The evidence that is being offered me is expert evidence as to whether or not the book is a piece of literature. That is not the point. The book may be a very fine piece of literature and yet be obscene. Art and obscenity are not disassociated. . .I agree it has considerable merits, but that does not prevent it from being obscene, and therefore I shall not admit this expert evidence.


As Woolf put it, “in what cases is evidence allowable? This last, to my relied, was decided against us: we could not be called as experts in obscenity, only in art.” This episode also shows the continuing importance of judges in our story on the history of obscenity. Indeed, much of this story is impossible without them.


With the very purpose of the trial invalidated, Hall’s defense collapsed. They were unable to prove that the book had merit or that the 1857 Obscene Publications Act was being used in the wrong way—the Act itself was being used to suppress the questioning of the Act. When the judge announced his decision a week later, he was “clear that it was lesbianism itself rather than any particular passage of the book that was being condemned… the better an obscene book is written, the greater is the public to whom it is likely to appeal. The more palatable the poison, the more insidious it is.” After an hour of his speech, Hall seemed to try to cry out with the voice at the end of her novel



Miss Radclyffe Hall: ‘I protest, I emphatically protest.’ Sir Charles Biron: ‘I must ask you to be quiet.’

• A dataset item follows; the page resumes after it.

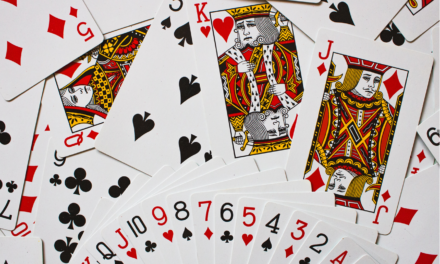 What Are the Calculated Steps for Choosing an Online Casino?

Hall: ‘I am the author of this book—‘

Biron: ‘If you cannot behave yourself in Court I shall have to have you removed.’

Hall: ‘Shame!’


and was silenced. Furthermore, Hall’s appeal was denied and, much to her dejection, all copies of her book were destroyed in England and the Commonwealth countries of Australia, New Zealand, India, South Africa, and Canada.

The 1928 trial of The Well of Loneliness was a formative and important one for England’s literati. Over 40 of them had been present at the trial, and the other 115+ that had been invited no doubt followed the trial closely. In many ways, this would mark the low point for the writers and the high point for the application of the 1857 Obscene Publications Act and its Hicklin Test. The first sign that the tide was shifting was the already-mentioned 1929 symposium on “The ‘Censorship’ of Books” in which several of Hall’s key experts would argue for the need for reform. Ellis, for example noted that “it is said, indeed, that we have no censorship. If that is so, we have what is worse…call it the Inquisition.”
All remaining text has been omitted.